*INSTRUCTIONS FOR THE TASK*. First find the line with "19012 Speculator Ln, Elgin, TX 78621", then reproduce it and all following lines of the data to the end, exactly and with no pictures, adding nothing.

*COLLECTED DATA*.
· · · ·
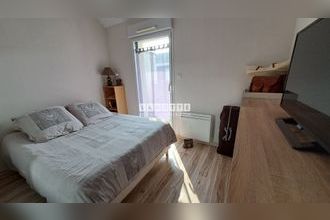  appartement st-malo 35400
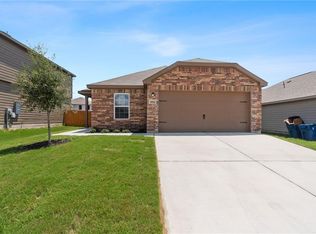19012 Speculator Ln, Elgin, TX 78621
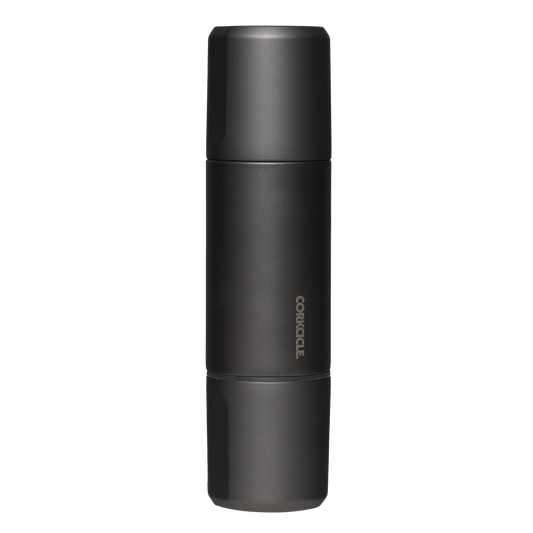 traveler-j5 6736ECS-2.png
· · · ·
*TASK ANSWER*.
19012 Speculator Ln, Elgin, TX 78621
 traveler-j5 6736ECS-2.png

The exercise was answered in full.